TESTIMONE DELL’ANNUNCIAZIONE
 
E poi mi s’avvicinò una nuvola
ornata di fiori azzurri e bianchi,
un uomo mi disse “Vieni con me,
andiamo in un dove, oltre il tempo”.
E il vento ci guidava nel cielo
e la città era sempre più piccola,
entrammo in un’orbita a spirale
e finimmo nel suo punto d’inizio.
In quel luogo il sole era giovane
diverso era il rumore della vita,
e scesi dai gradini della nuvola
fummo in un villaggio di pietre e canne.
 
Eravamo due corpi invisibili
e solo un’aquila ci vedeva dal cielo,
la umile gente lavorava in silenzio
e gli ulivi erano dipinti da marzo.
In un angolo c’era una fontana
e file di anfore tra giovani braccia,
dal cielo l’aquila lanciò una piuma
che cadde su una bellissima donna.
C’avvicinammo verso i suoi occhi,
profondi e colmi di tenerezza e grazia,
e poi seguimmo i suoi timidi passi,
sino a una piccola porta di legno.
 
L’aquila ci volteggiava più da vicino,
un senso di pace si stava materializzando,
e poi ci venne incontro con un acuto grido
e una forte luce la trasformò in Angelo.
Avvolti dalla gloriosa benedizione di Dio
entrammo in casa cosparsi di luce,
Maria era seduta su una piccola seggiola,
assorta nei pensieri di giovane fanciulla.

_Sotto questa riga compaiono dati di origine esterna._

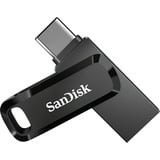 SanDisk Ultra Dual Drive Go 128 GB usb-stick Zwart, USB-A 3.2 (5 Gbit/s), USB-C 3.2 (5 Gbit/s)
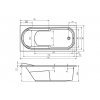 Купить Riho Columbia 175x80 BA04 Ванна Акриловая Прямоугольная с Ножками BA0400500000000 в Киеве vannaja.kiev.ua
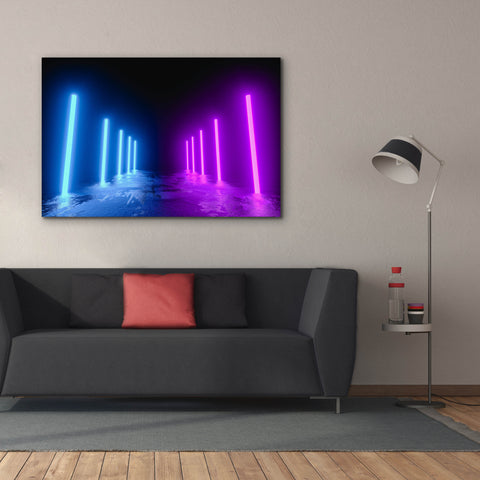 Image of 'Neon Runway' by Epic Portfolio, Canvas Wall Art,60 x 40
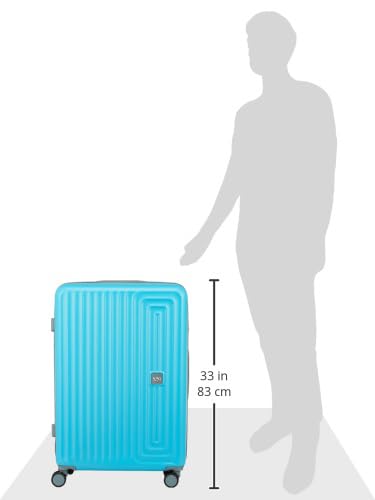 Image of Wiki Ripple 8 Wheel Hardside Polycarbonate Trolley by Wildcraft,Large,Teal
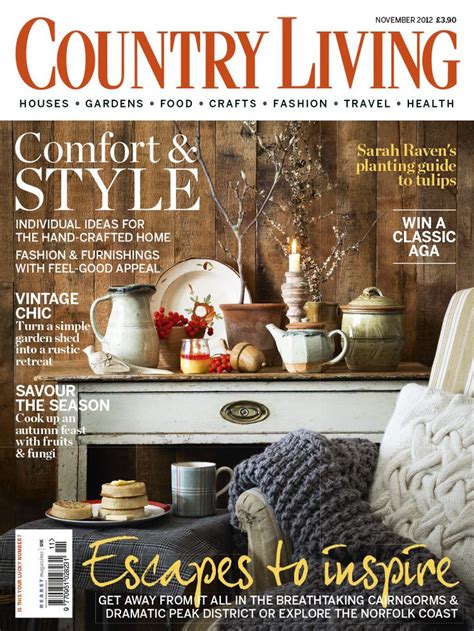 12 Best Country Living Uk 2012 Covers Images On Pinterest Country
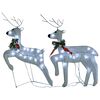 vidaXL Julrenar 2 st vit 40 lysdioder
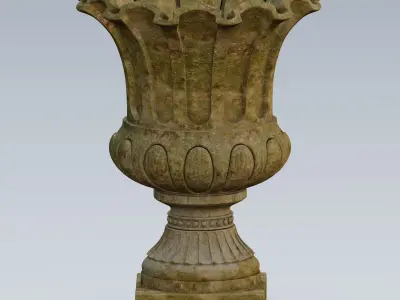 Garden urn planter35 3D model
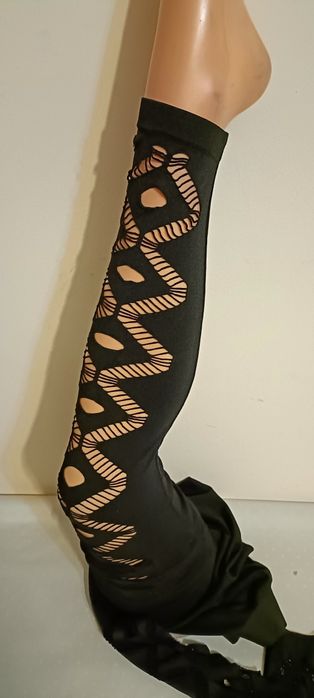 Legginsy bambusowe siatka wzór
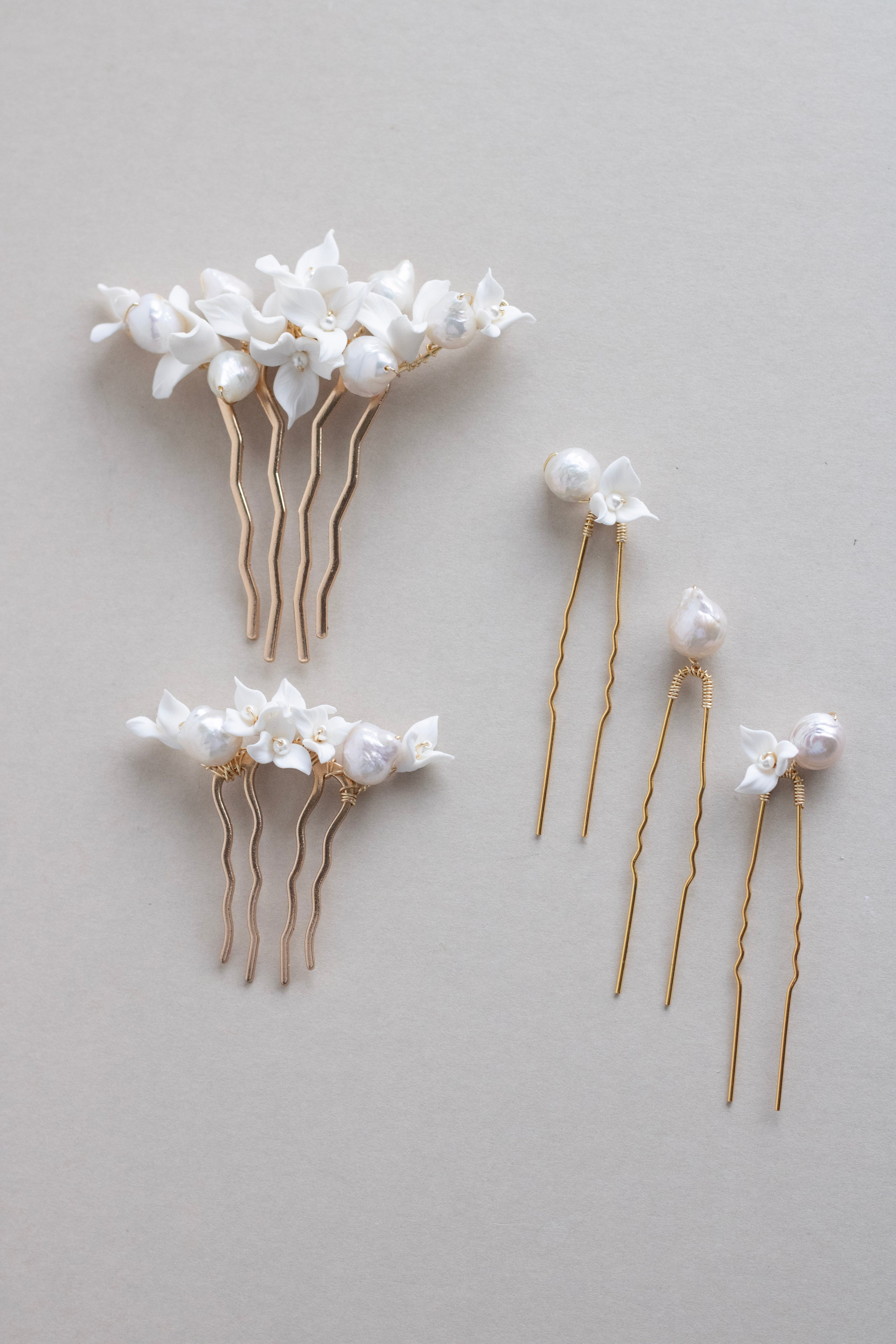 Rowen l Pearl pin set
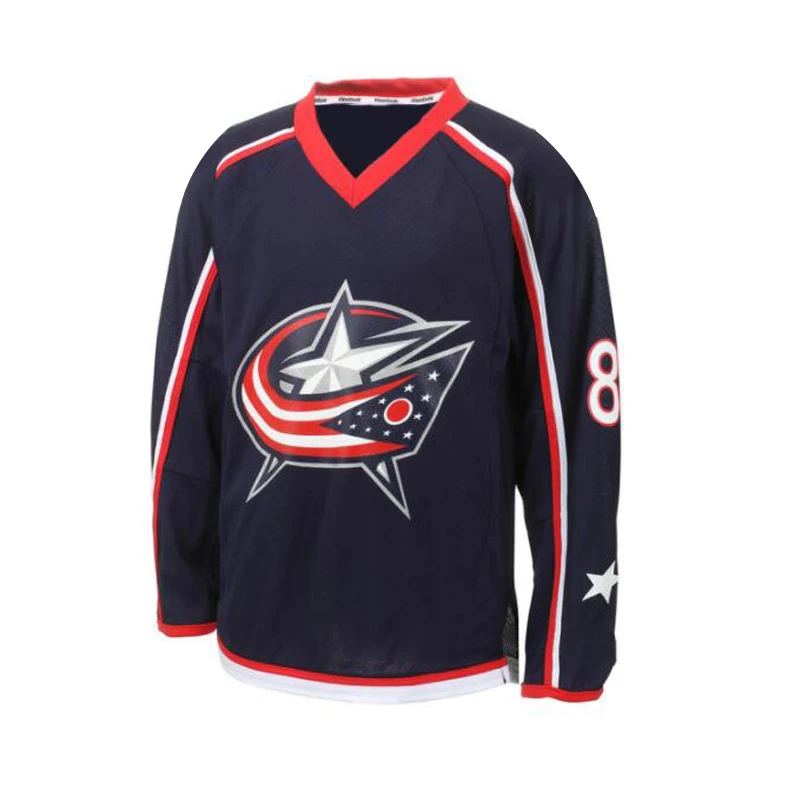 廉价空白练习曲棍球球衣定制刺绣标志冰球球衣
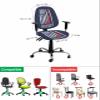 YOKOU Computer Office Chair Cover,Hockey Sport Theme American Flag Blue Washable Removable Rotating Boss Chair Slipcovers Soft Desk Chair Cover 1pcs view 4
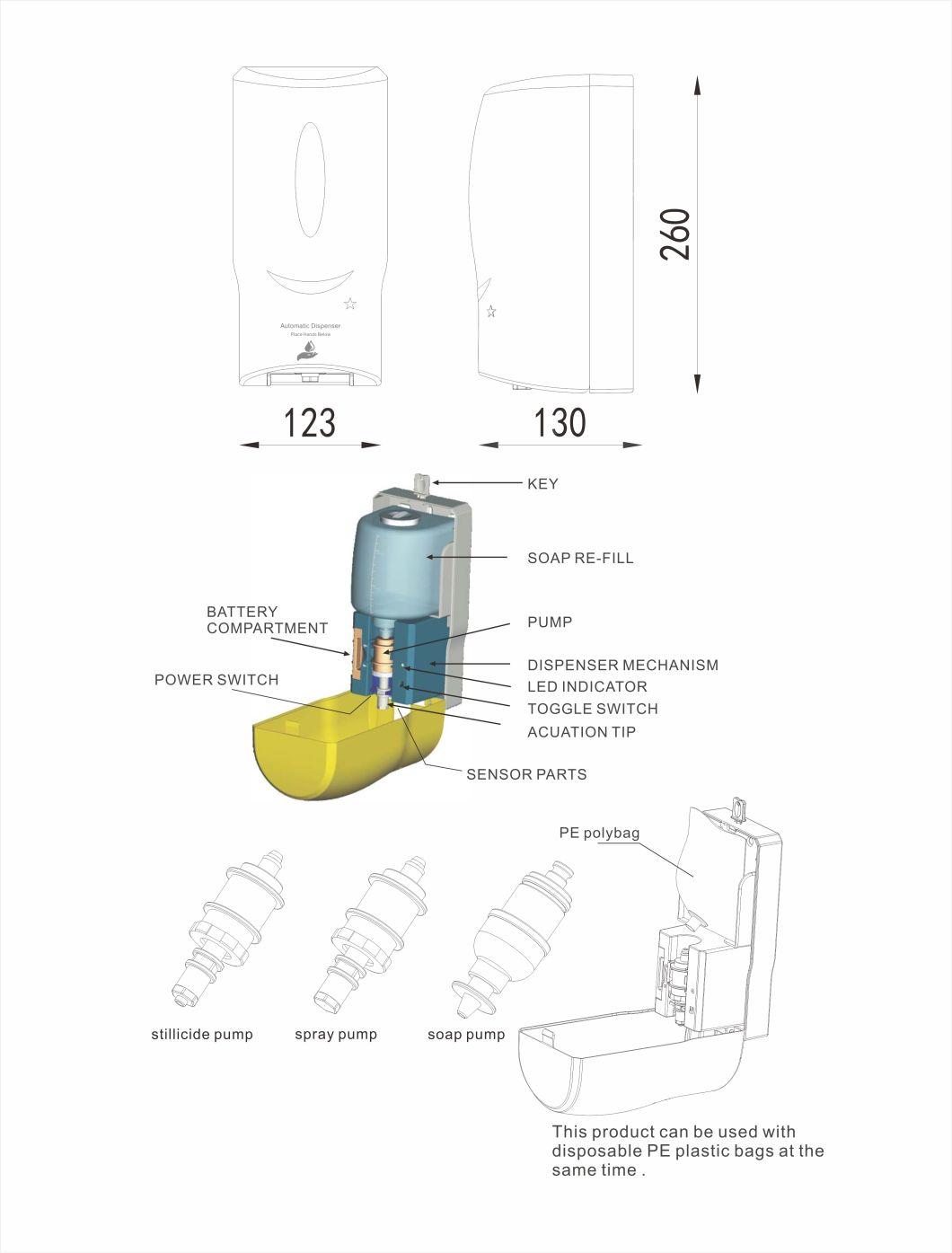 Wall Mount Soap Dispenser Foaming Spraying Gel Liquid 3 Ways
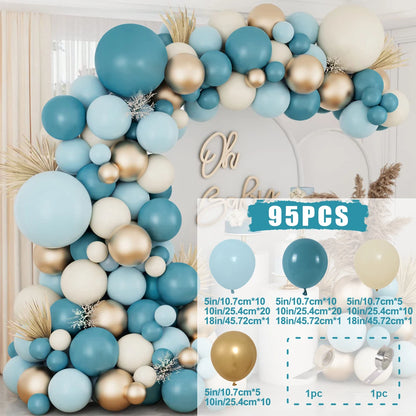 Blue White Balloon Garland Arch Kit 1St Birthday Party Decoration Kids Boy Baby Shower Globos Wedding Birthday Party Baloons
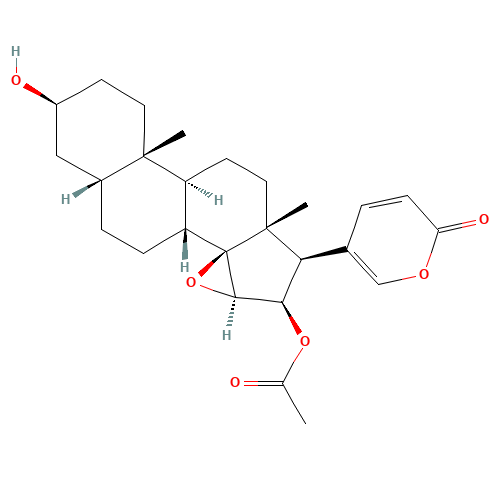 Cinobufagin (CAS: 470-37-1) - Chemical Structure and Molecular Formula 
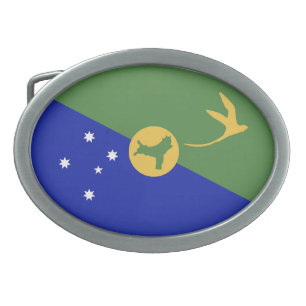 Christmas Island flag Belt Buckle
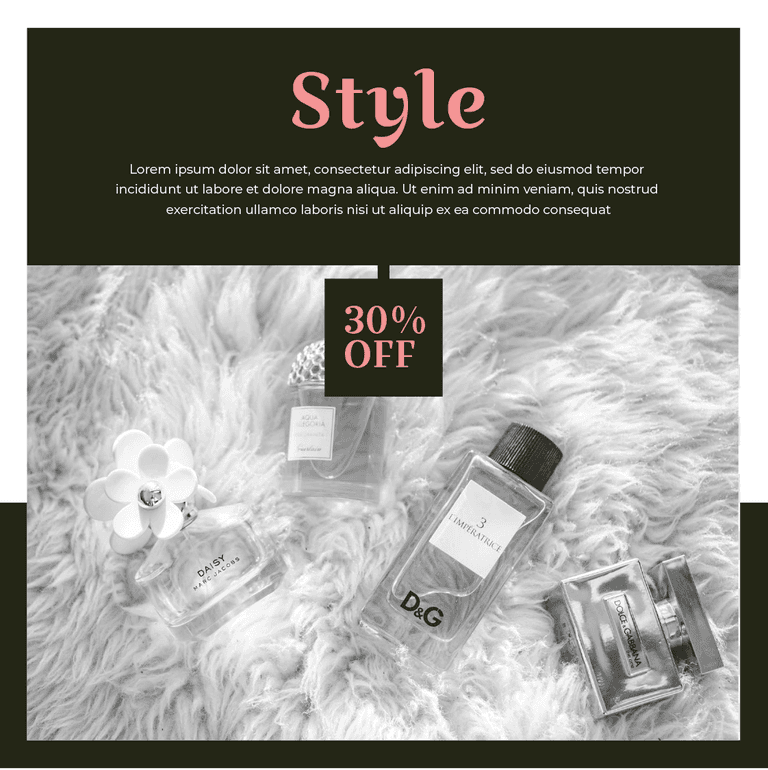 minimalist fashion sales promotion for stylish accessories with 50% off deals and modern aesthetics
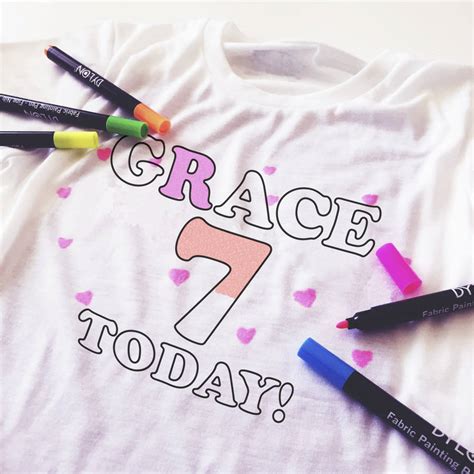 Personalised Childrens Make Your Own Birthday T Shirt By Sarah Hurley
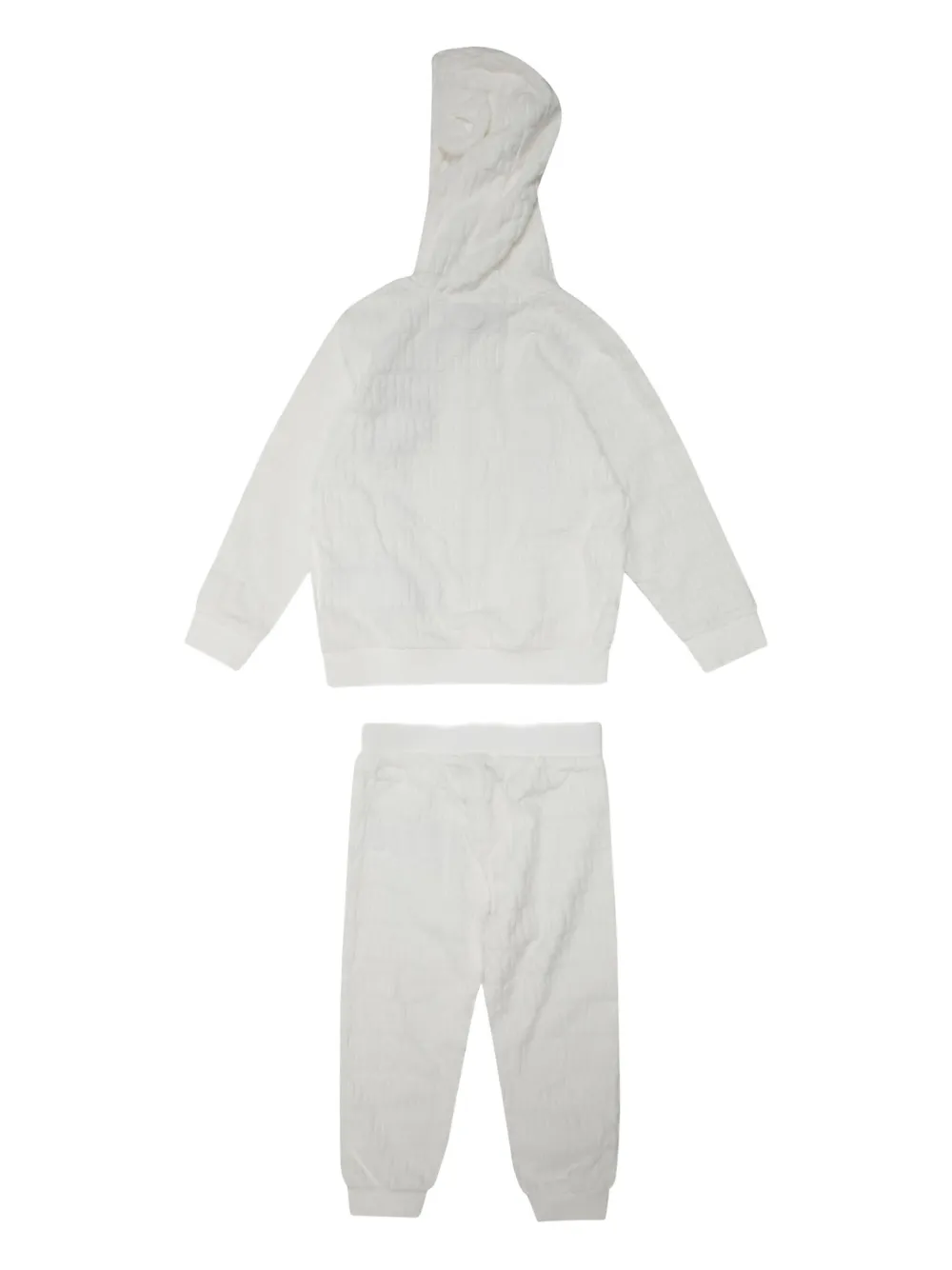 Moschino Kids Trainingspak met capuchon Grijs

Appena lo stato di buio si tinse di albore
la giovane donna si colorò di spavento,
e dopo le prime parole dell’Angelo Gabriele,
la sua paura si trasformò in entusiasmo.
 
E io e l’uomo assistemmo in silenzio,
assistemmo alla scena che cambiò il mondo,
e io e l’uomo fummo testimoni
dell’imminente nascita del Salvatore.
E dopo che l’Angelo ci salutò col sorriso,
Maria rimase in ginocchio a pregare,
e io e l’uomo, interdetti dalla splendida scena,
uscimmo di casa con occhi cambiati.
E fuori l’aquila volava già alta nel cielo,
gridava al mondo l’importanza dell’evento
e ci guidò lungo la strada del ritorno
quel 25 di marzo sulla terra di Nazareth.
 
E saliti sulla nuvola che c’attendeva
vedemmo le ultime sfumature di quel tempo,
il vento ci condusse dentro la spirale,
e poi fummo nel cielo degli anni Duemila.
Capii che il viaggio era quasi finito
solo quando i tetti e le strade erano vicini,
l’uomo mi disse “Devi raccontare al mondo
la purezza della Verità che hai visto”.
E io richiesi a lui chi fosse e il suo nome,
mi disse “Abbi fede, ti sto sempre vicino,
conosco tutto di te, ogni tuo singolo passo,
ti benedico: sono il tuo Angelo Custode”.